1993~A wolf is killed in northern Maine.
1993~The Fish and Wildlife Service publishes its draft environmental assessment of wolf recovery in central Idaho and Yellowstone. The draft receives a total of 160,284 comments from the public, government agencies and interest groups.
1995~Thirty-one gray wolves from Canada are released into Yellowstone National Park this year and next. Additional wolves are released in Idaho's Frank Church River Of No Return Wilderness as part of the U.S. Fish and Wildlife Service's Rocky Mountain wolf recovery plan.
1995~The captive population of the Mexican gray wolf has increased to 91 located in nineteen facilities in the U.S., and 13 in five Mexican facilities.
1995~Sen. Jesse Helms (R-NC) proposes legislation to end federal funding for red wolf recovery. It is narrowly defeated. North Carolina's legislature passes a law allowing private landowners to kill red wolves  in two of the five counties in the reintroduction area.
1997~U.S. District Court Judge Downes rules that the Yellowstone and Idaho wolf reintroductions are illegal because the "nonessential experimental" status of the wolves jeopardizes the full protection afforded any naturally occurring wolves by the Endangered Species Act.
1998~U.S. Fish and Wildlife Service begins the process of considering whether to reclassify the wolf as threatened in some areas and in others removing it from the Endangered Species List entirely.
1998~Eleven Mexican gray wolves (Canis lupus baileyi) are released by the U.S. Fish and Wildlife Service into the Blue Range Wolf Recovery Area of the Apache-Sitgreaves National Forest in eastern Arizona; five of these wolves will be illegally shot; there are 176 Mexican grays held in 32 facilities cooperating in the Mexican Wolf Species Survival Plan.
1998~The red wolf reintroduction in the Cade's Cove area of the Great Smoky Mountains National park is terminated due to an unacceptably high mortality rate among the wolves.
1999~Despite a lawsuit brought by the New Mexico Cattlegrowers Association to stop wolf reintroduction, there are 22 Mexican gray wolves roaming free in the Apache-Sitgreaves National Forest; Federal Judge Edwin Mechem rules in favor of the wolves when the New Mexico Farm Bureau tries to halt the Mexican gray wolf reintroduction program.
2000~The 10th Circuit Court of Appeals overturns the 1997 Downes ruling, thus preventing the removal or destruction of the 250 wolves currently residing in Yellowstone and Idaho.
2000~It is estimated that Minnesota now has 2,500 wild wolves, with an estimated 350 breeding pairs.

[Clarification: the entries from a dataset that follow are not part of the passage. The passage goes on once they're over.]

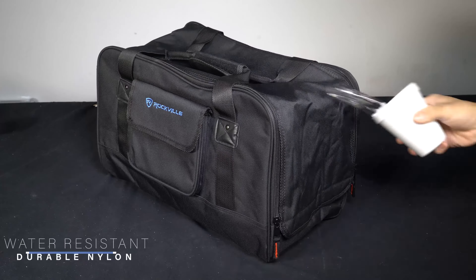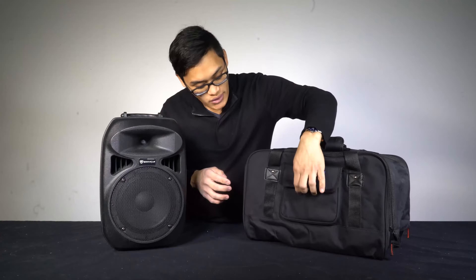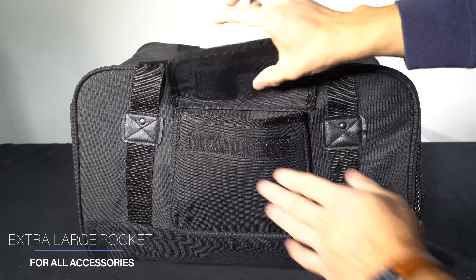It features extra thick padding, it's water resistant, a really nice velcro sling handle, and a really roomy accessory pocket for you to fit all your cables in — basically any accessory you need for your gig.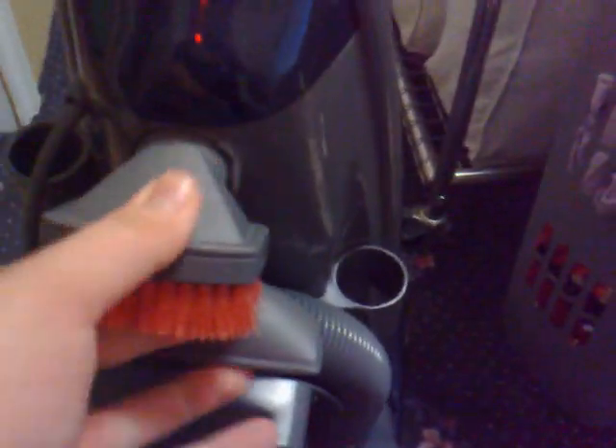On the back, they've kept the original tools all the way through the ranges of these. Got your dusting brush, your upholstery nozzle — hard to get in there. And your extension tube and long crevice tool, which I personally don't like, but that's just my opinion.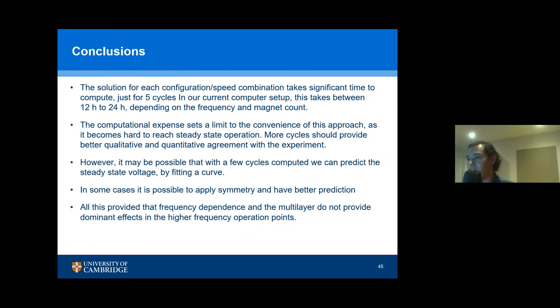The conclusions so far: the solution for each configuration and speed combination takes a lot of time to compute. Just for five cycles on our current computer server, this takes between 12 and 24 hours depending on frequency and magnet count. This means FEM might be a little inconvenient for this problem. Maybe we can use tricks like fewer cycles, then fit a curve to predict long-term behavior. It might also be possible to apply symmetry to calculate just higher cycles. All of this is provided that frequency dependence and the different layers of the tape are not causing dominant effects at higher frequencies, because the current might be shifting from the superconductor into the copper layer. And that's it from me.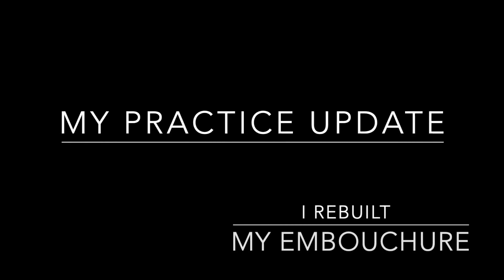Here's my practice update. I rebuilt my embouchure. I'm Rich Aileen Jo, aka French Horn Tutor, and I am excited to say that I have rebuilt my embouchure. It took me eight months to do it, but I did it using parascales and by having goals.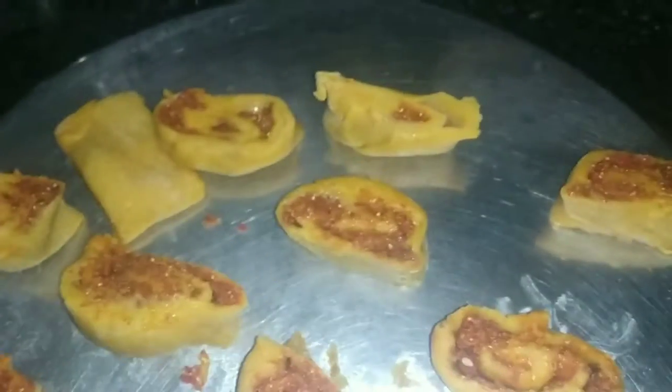We will use low to medium flame. We will put the pieces into the oil. Fry on low to medium flame until golden brown. Transfer to the serving plate.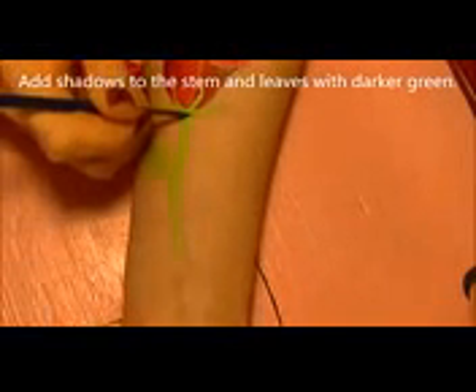Just like we shaded the rose, we're going to do the same for the stem and leaves. I'm using a darker shade of green body paint to balance out the original bright green. Just shade in your leaves and the stem.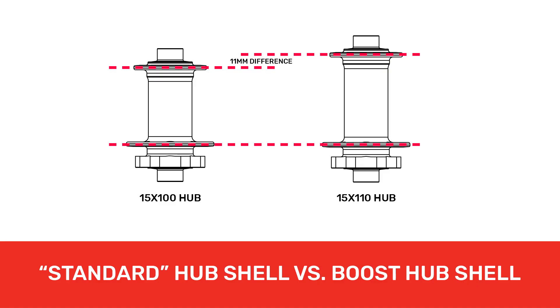Our boost hubs use wider hub shells with optimized flange spacing. Wider flanges offer better support for the rim and create a stronger overall wheel.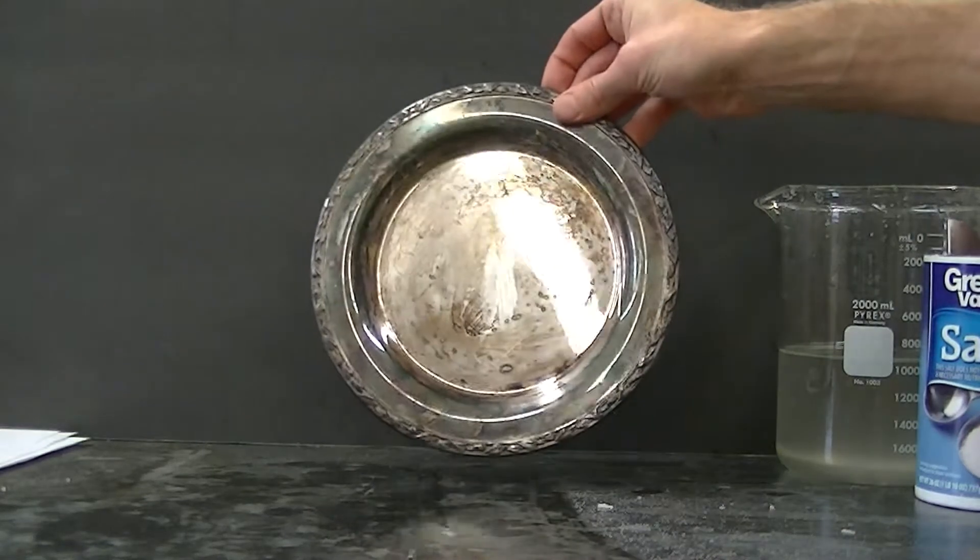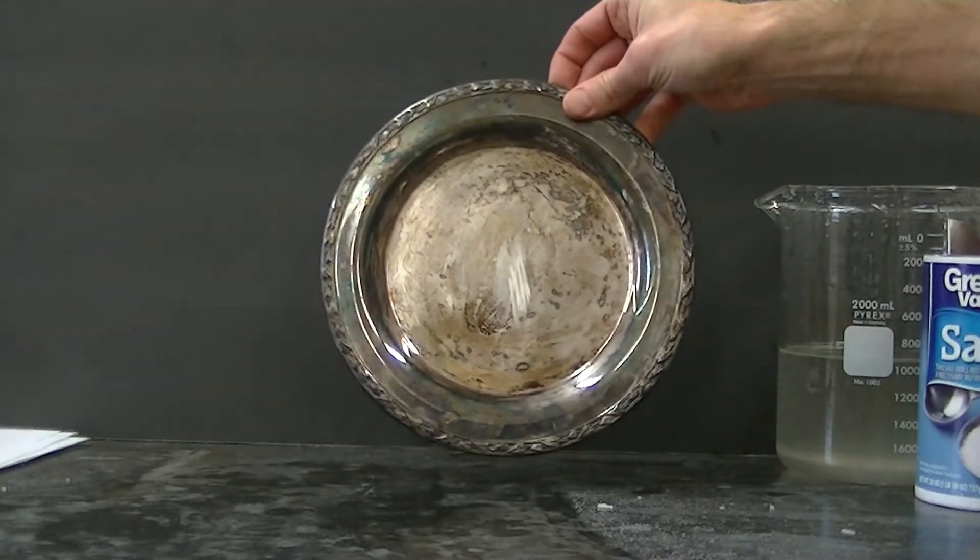Silver plate here that's, as you can see, well tarnished. We're going to go ahead and try to remove that tarnish with magnesium.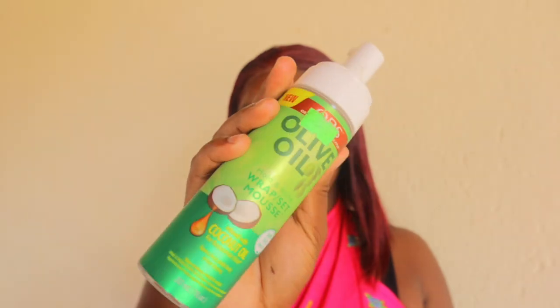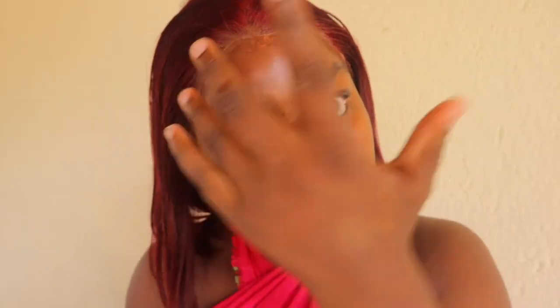As an alternative to spritz, you can use mousse to make your lace invisible. You guys are going to see how it does the job just as well. So if you don't have spritz, you can use mousse — your lace will thank you. Look at mine, you can't even tell where the lace is.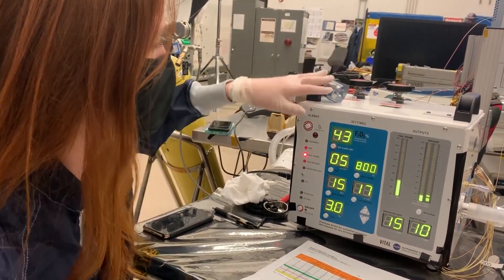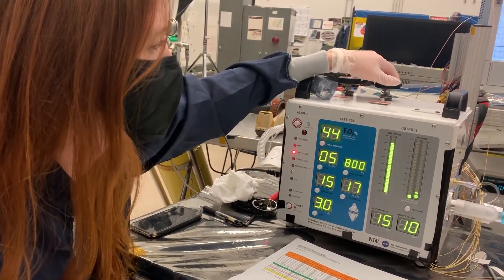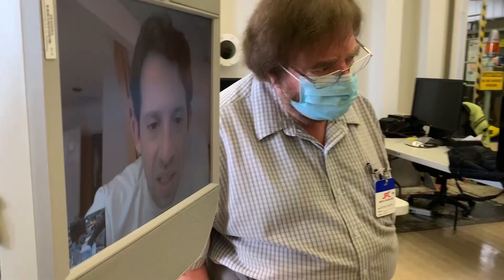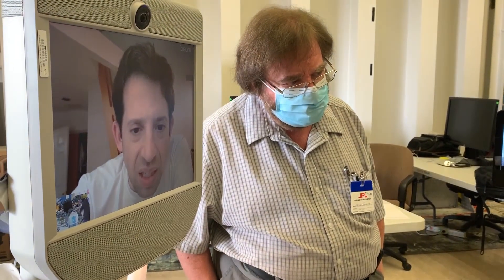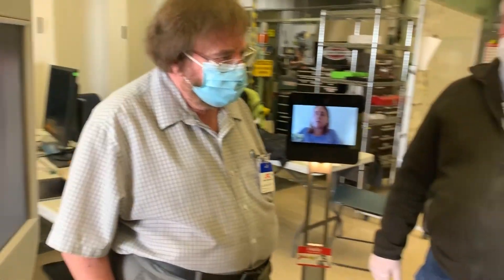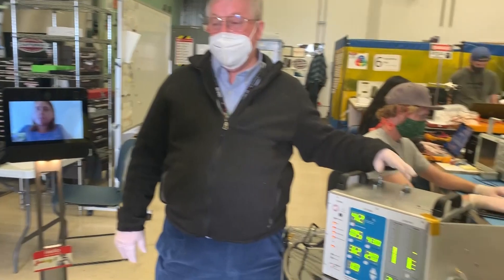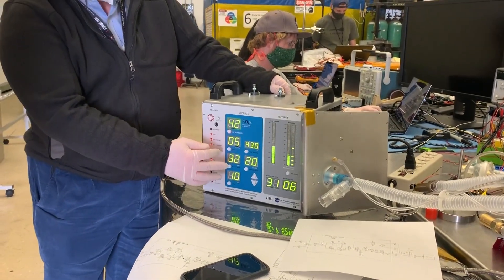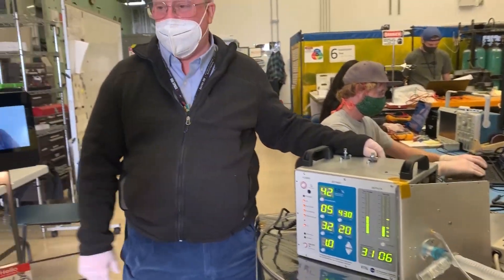Now we're way too low. The alarms are working. The peak and the peak down below — it's setting the value that you want, and that sets where the alarm limits are.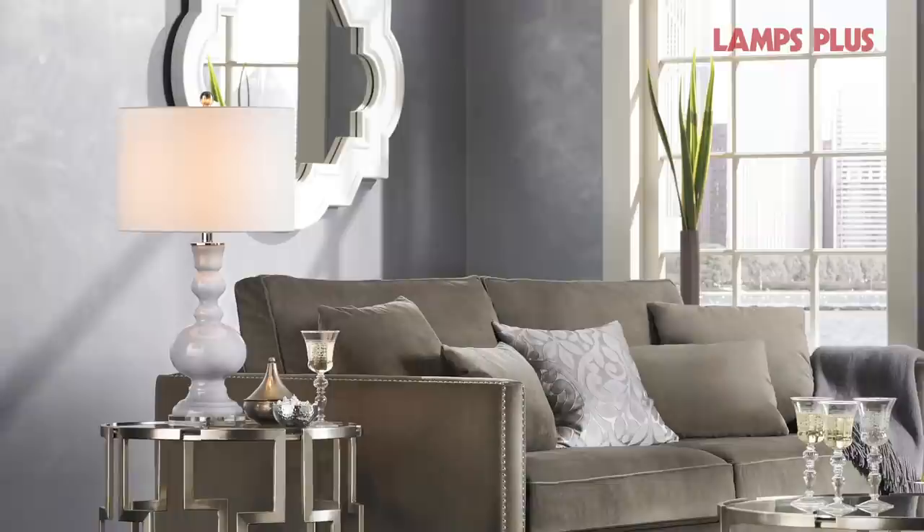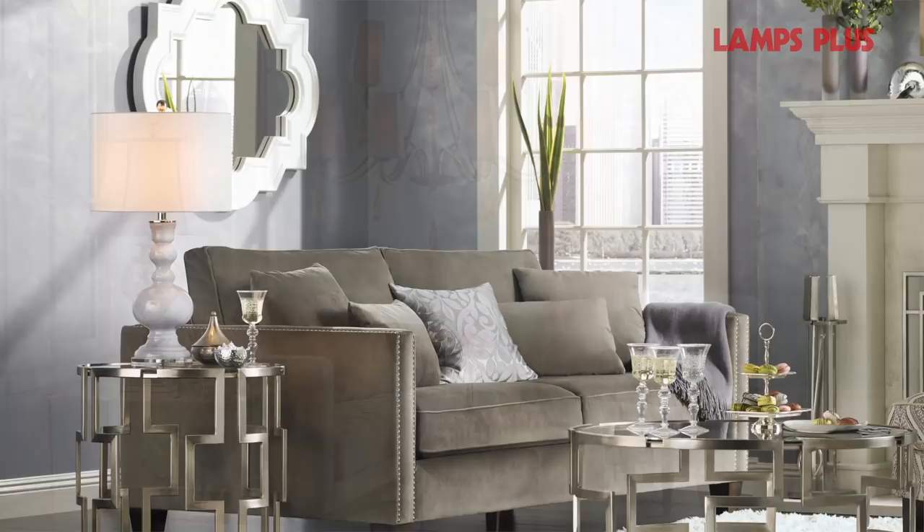Next, make sure the base of the lamp is weighted to prevent tipping. The lamp shade depends on the use. If you will have the lamp on while watching TV, an opaque or material shade will minimize lighting glare, while a semi-opaque paper shade provides a warm glow for reading.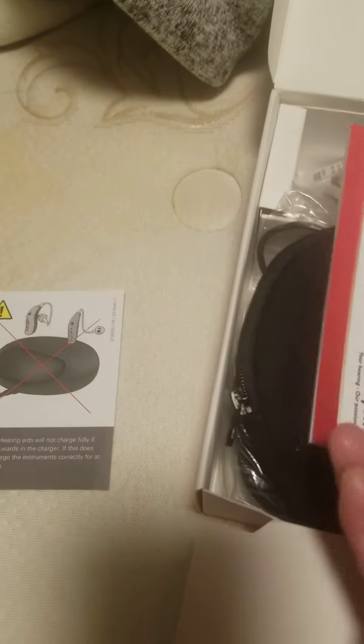The charger box has cardboard, instructions on how to charge your hearing aids, a charger manual, and a case. This is the charger.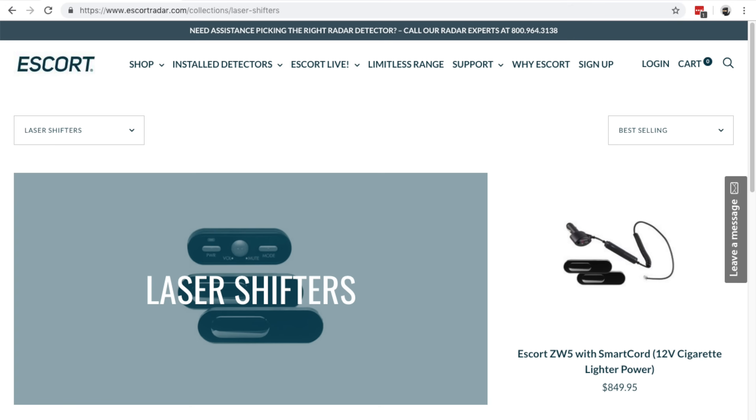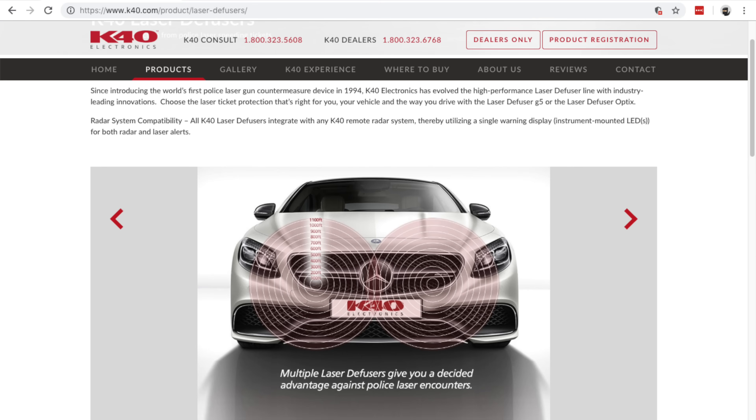The first one has to do with naming. They're typically referred to as laser jammers, but some companies refer to them as something else. Escort calls them laser shifters, K40 calls them laser diffusers. Usually this is done for marketing purposes — saying these aren't laser jammers, these are laser shifters, or these are diffusers, totally different. However, they're actually the exact same thing and operate the exact same way.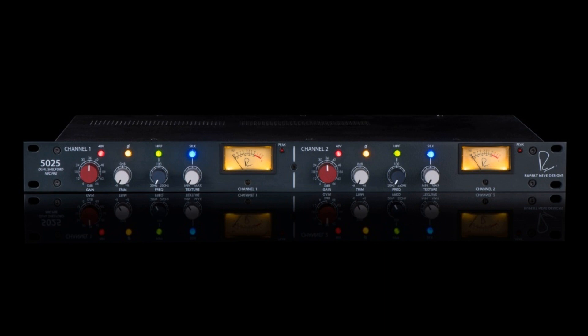Rupert Neve Designs debuts limited edition 5025 Dual Shelford Mic Pre. Welcome to Music Gears, where we bring you the latest info on new music instruments, software, and other gear from around the world.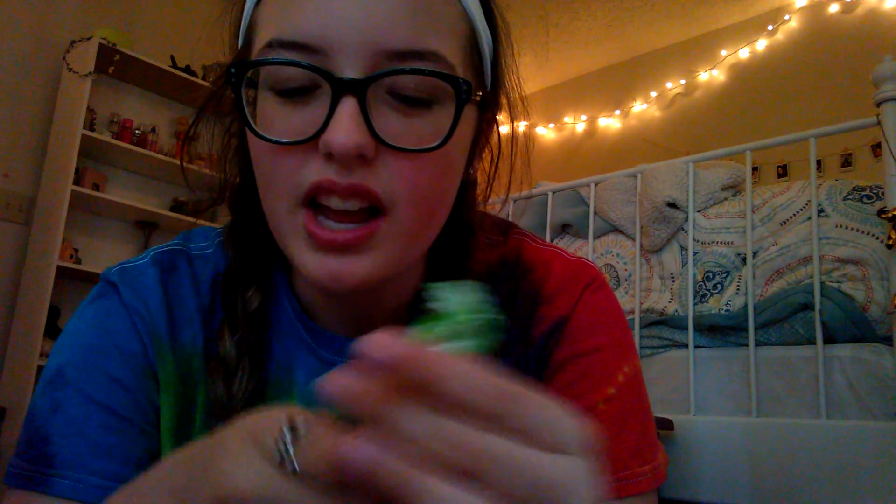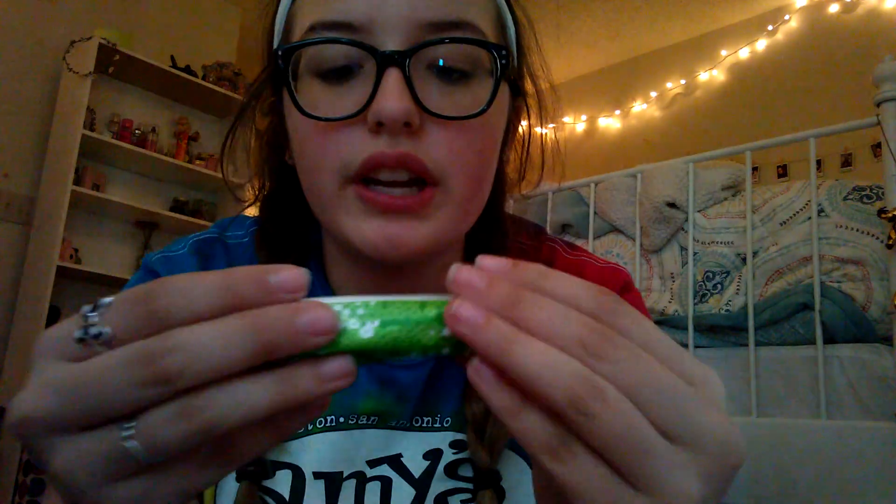So it just has the instructions, I already know. And then it has all of them looking like this — this is what they look like. They're a little loud. They're in this pretty, like, sequin green packaging.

Minnesota's state legislature passes a wolf management plan featuring (1) a 5-year moratorium on public taking of wolves, (2) continued federal and state wolf depredation control and compensation for livestock loss, (3) the division of the state into a "wolf zone" and an "agricultural zone", and (4) a requirement that the state's Department of Natural Resources produce a detailed plan ensuring wolf survival.
2000~As of the 1999/2000 winter the U.S. Fish and Wildlife Service reports 216 wolves in Michigan (plus 29 on Isle Royale), 2,445 in Minnesota, about 250 in Wisconsin, 63 in Montana, 141 in central Idaho, 118 in Yellowstone, 22 in Arizona/New Mexico, 75 red wolves in North Carolina (plus 12 more on coastal islands).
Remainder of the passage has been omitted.